Olası Marmara depremi ve alınması gereken önlemler gündemden
düşmeye başladığı deprem gerçeği kendisini yeniden hatırlatıyor.
Son olarak haftasonu meydana gelen 4,2 büyüklüğündeki deprem buna
bir örnek. Uzmanlara göre; bu tür depremlerin öncü ya da daha büyük
bir depremin tetikleyicisi olarak algılanmasının yanlış, ancak fay
hattı bu depremlerle varlığını hatırlatıyor ve karakteri hakkında
önemli ipuçları veriyor.
"FAY SON DERECE AKTİF”
Prof. Dr. Haluk Eyidoğan (İTÜ Jeofizik Mühendisliği
Bölümü)
“Bölgenin genel karakterine baktığımız zaman, o hat üzerinde son
iki yılda 3’ten büyük 45 deprem kaydedildi. Son iki yılda Marmara
Denizi’nde kaydettiğimiz deprem sayısı ise 2 bin 500 civarında.
Sıklıkta bir artış ya da azalma söz konusu değil. Marmara
Bölgesi’nde son iki yılda 5,6-5,7 büyüklüğünde deprem de
oldu. Dolayısıyla Marmara’nın genel karakterine uygun bir
şey. Kaldı ki, depremin genel karakterine, Kuzey Marmara Fayı
dediğimiz ve uzun yıllardır oldukça aktif olan, üzerinde onlarca
deprem olan bir faydan bahsediyoruz ve son sarsıntılar bizim için
çok sürpriz değil. Bunlar bölgenin karakterine uygun olan, ama
genel anlamda bize o fayın gelecekte büyük deprem yaratma
potansiyeline sahip olduğunu gösteren hareketlerdir. Bunları öncü
şok gibi algılamak yerine, fayın normal hareketinin bir göstergesi
olarak algılamalıyız. Bugüne kadar yapılan jeolojik ve jeofizik
çalışmalar da zaten bunu söylüyor.
Deprem bilimde öncü depremi tespit etmek çok çok zordur.

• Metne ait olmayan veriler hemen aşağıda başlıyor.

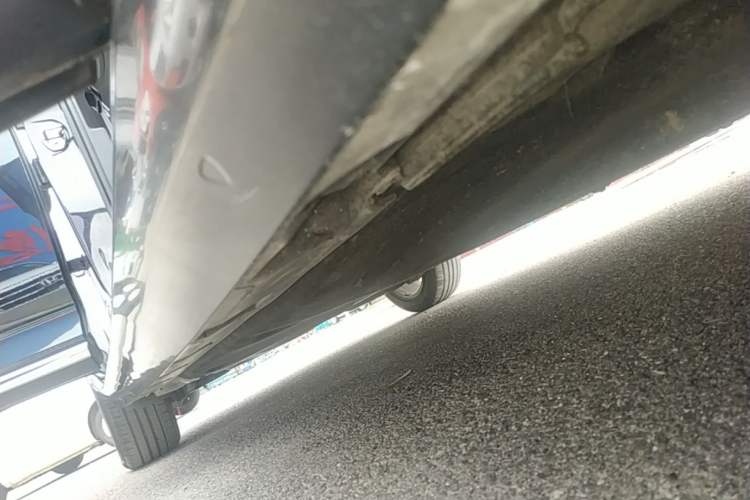 Used Volkswagen Magotan 2017 330TSI DSG Leading Model Right Side Sill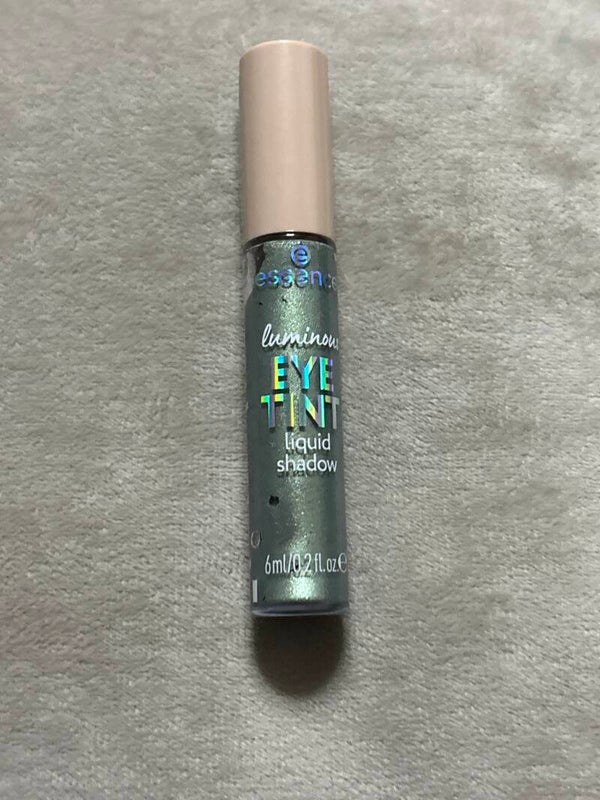 essence luminous eye tint liquid shadow sparkly jade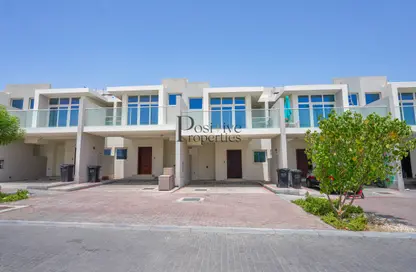 Townhouse - 3 Bedrooms - 3 Bathrooms for sale in Mimosa - Damac Hills 2 - Dubai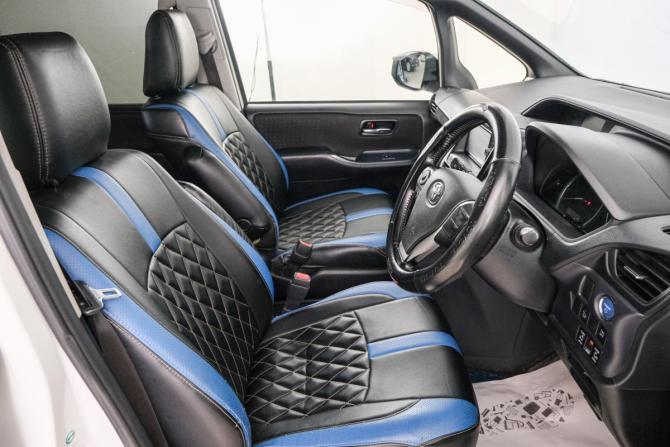 Toyota Voxy III (R80) с пробегом 2015 года, цена 1 649 000 рублей, 244000 км, минивэн, Автокод Объявления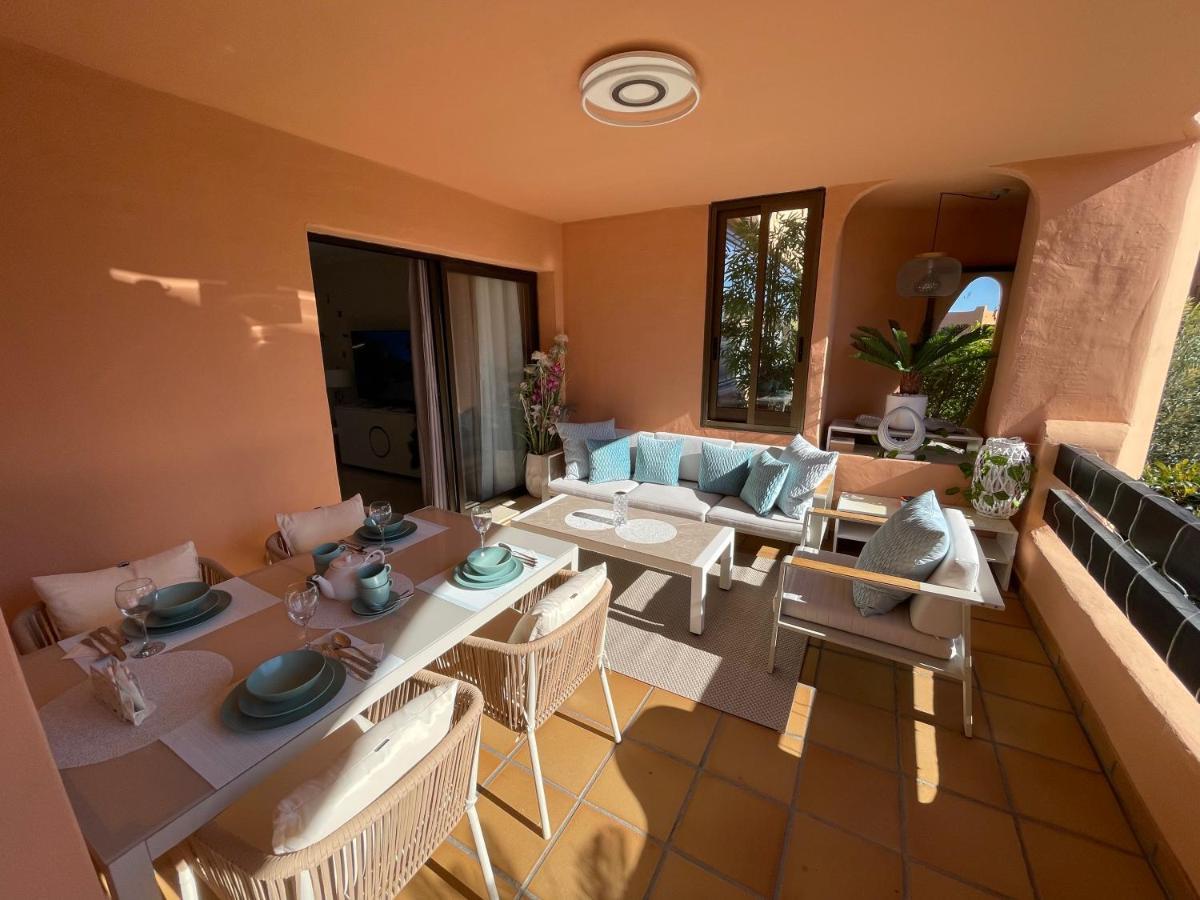 Casares Beach Golf Apartment With Private Garden Direct Pool Access Esterno foto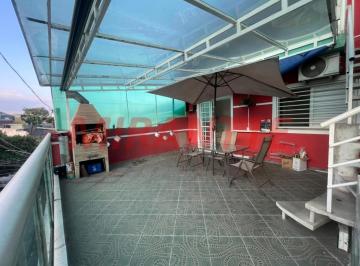 6318818029b37fbd9e2202fd61f27c71.jpg · Sobrado de 167m² com 3 quartos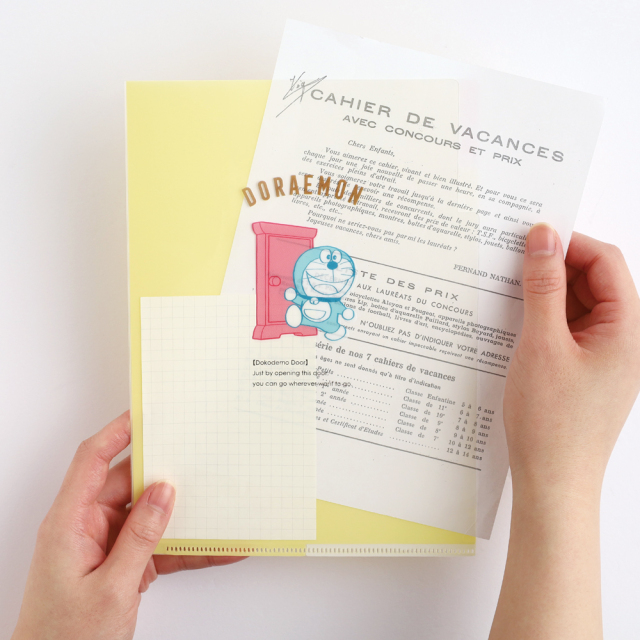 ドラえもん A5ポケットクリアファイル（どこでもドア）DG-389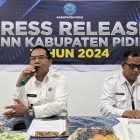 Kepala BNN Kabupaten Pidie, AKBP Fakhrul Rozi saat konferensi pers dengan awak media di kantor BNN setempat, Senin (30/12/2024) (Foto.Amir Sagita NOA.co.id)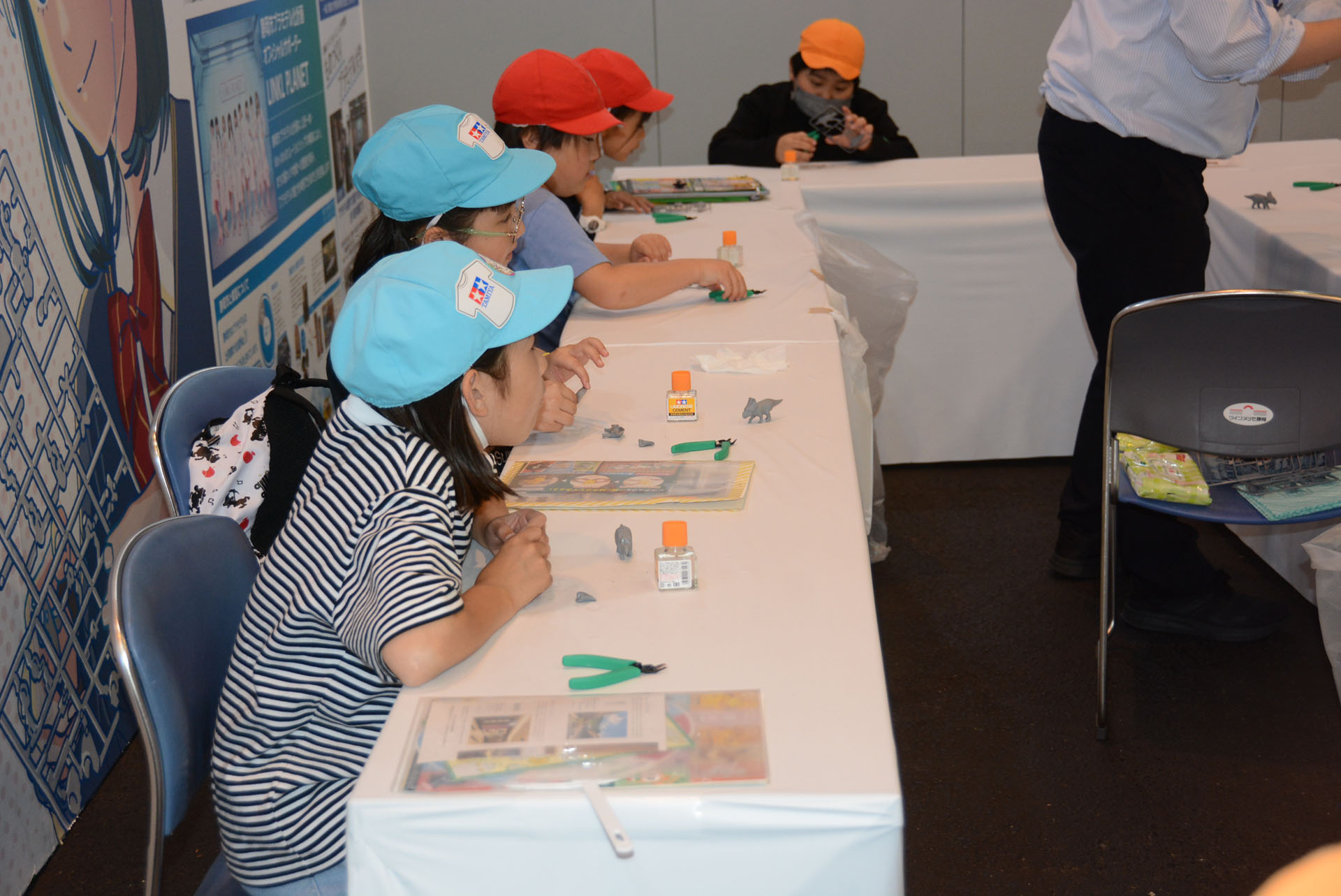 恐竜プラモデル体験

‘Bu öncü şoktur, bunun arkasında büyük şok
gelecektir’ diyebileceğimiz bir cetvel ya da şablonu
yoktur. Biz şu andaki bilgilerimize, teknik bilgilere göre ancak
arkasından büyük bir deprem geldiğinde, bu öncü şokmuş diyebilecek
durumdayız hâlâ. Ama bu konuda dünyada çok sayıda bilimsel çalışma
devam ediyor. Önümüzdeki yüz yıl içinde öncü işaretleri umarım daha
iyi tanıyabiliriz. Ancak bugünkü bilgilerimize göre bunu söylemek
durumunda değiliz.”
”OLAĞANDIŞI BİR ŞEY YOK”
Prof. Dr. Gülay Altay (Boğaziçi Üniversitesi Kandilli
Rasathanesi ve Deprem Araştırma Enstitüsü Müdürü)

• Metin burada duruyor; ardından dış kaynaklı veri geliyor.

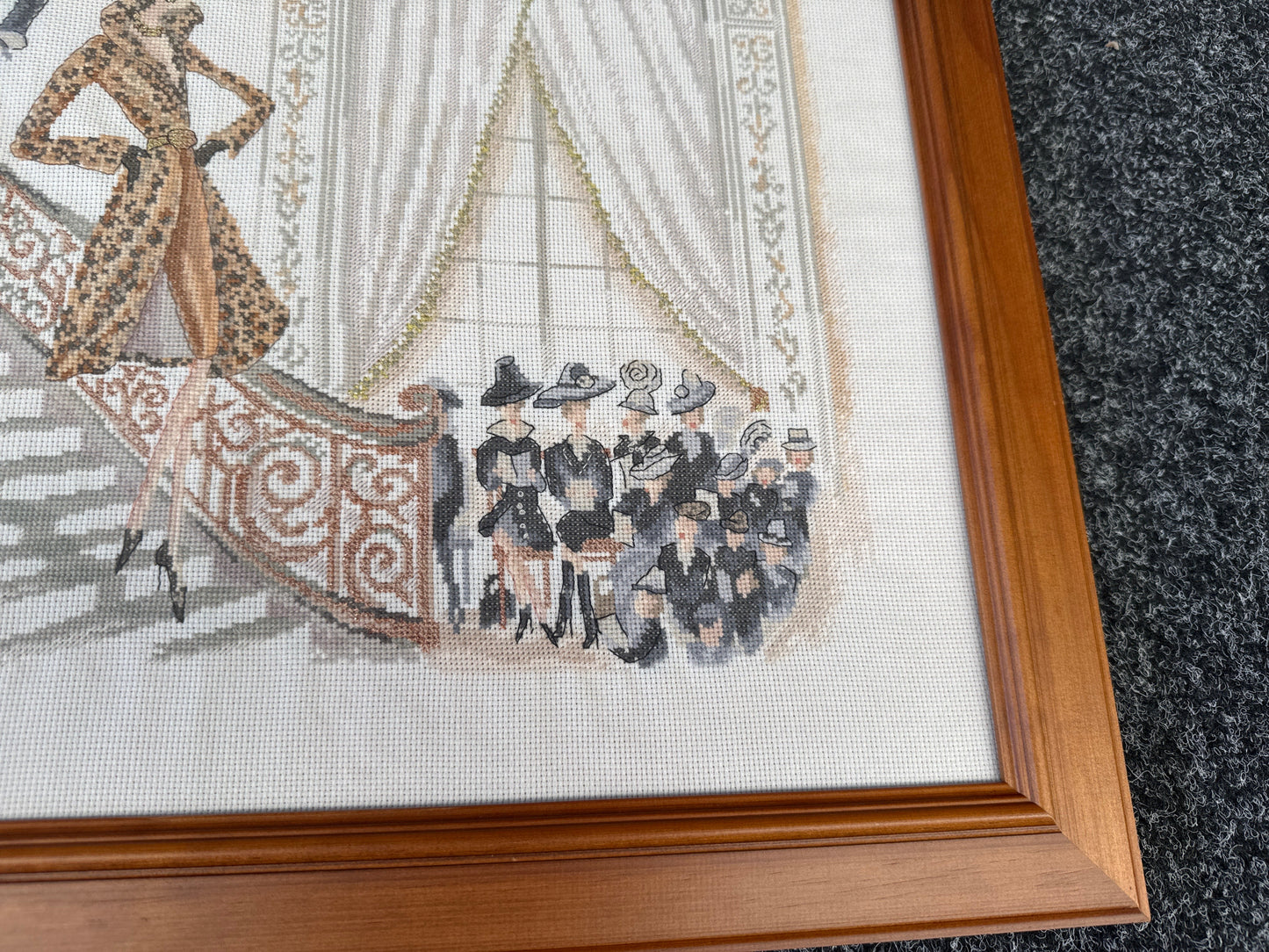 
                  
                    Fashion Scene Framed Embroidery (19315)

“Depremin merkezi Marmara Denizi’nin batı kısmında Tekirdağ ve
Marmara Adası arasındaki Batı Marmara çukuru. Bu, 2002’den bugüne
bu bölgede tespit edilen en büyük deprem olarak ölçüldü, ancak bu
olağandışı bir duruma işaret etmiyor. Yaşanan 4,2 büyüklüğündeki
depremden sonra 17 tane daha artçı deprem kaydedildi. Bu
büyüklükteki bir deprem için bu sayıdaki artçı deprem olağandır.
2000 yılından bu yana kadar genelde Marmara Bölgesi’ndeki fay
hattının devamında bir hareketlilik yaşandığını söyleyebilir,
bunlar düzenli olarak kayıt altına alınıyor.

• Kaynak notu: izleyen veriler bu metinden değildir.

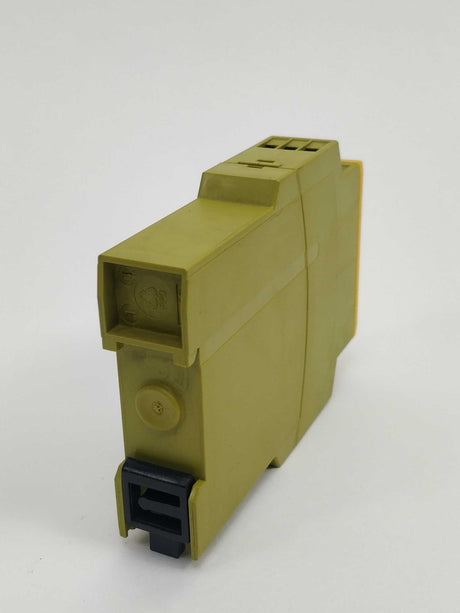 Pilz PNOZ X1 774300 safety relay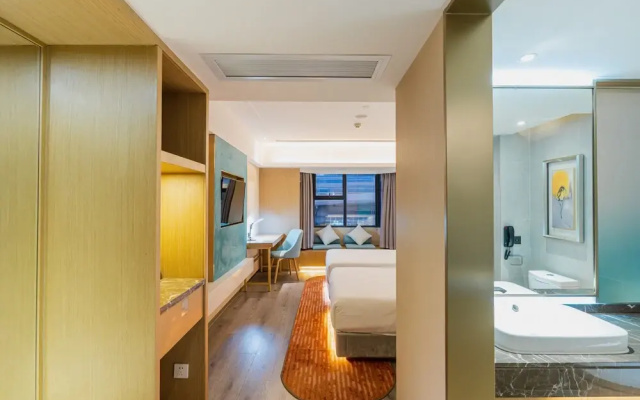 K-house Hotel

Son depremin, olası Marmara Depremi ile ilgili olarak bir öncül
deprem olmasından ya da tetiklemesinden bahsetmek doğru olmaz,
bugünkü teknik imkanlarla bunu bilebilmek mümkün değil. Ancak bu
deprem gerçeğini göz önünde bulundurmamız gerçeğini de değiştirmez.
İçinde bulunduğumuz yüzyılda büyük bir deprem olacağı
öngörülebilir, ancak kesin bir tarihten elbette bahsedilemez. Bu
yıl da olabilir, yarın da olabilir.
”7’DEN BÜYÜK DEPREM OLACAK”
Olası depremle ilgili olarak uzun dönemde bir deprem yaşanmadığını
da göz önüne alarak önlemlerin alınmasının daha da acil bir hal
kazanıyor. Daha önceki 1766 ve en son da 1894 yılında İstanbul’da
büyük deprem meydana gelmişti. Buna ek olarak, 1999 Marmara Depremi
de bu bölgedeki depremselliği değiştirdi. 1999 öncesi ile
sonrasında fay hatlarındaki durum aynı değildir. İzmit depreminin,
ileriki depremleri öncelediği varsayımında bulunulabilir. Elbette
bu bir tarih belirleme olarak değerlendirilmemeli, ancak önlem
alınması gerektiği hatırlatması için önemlidir.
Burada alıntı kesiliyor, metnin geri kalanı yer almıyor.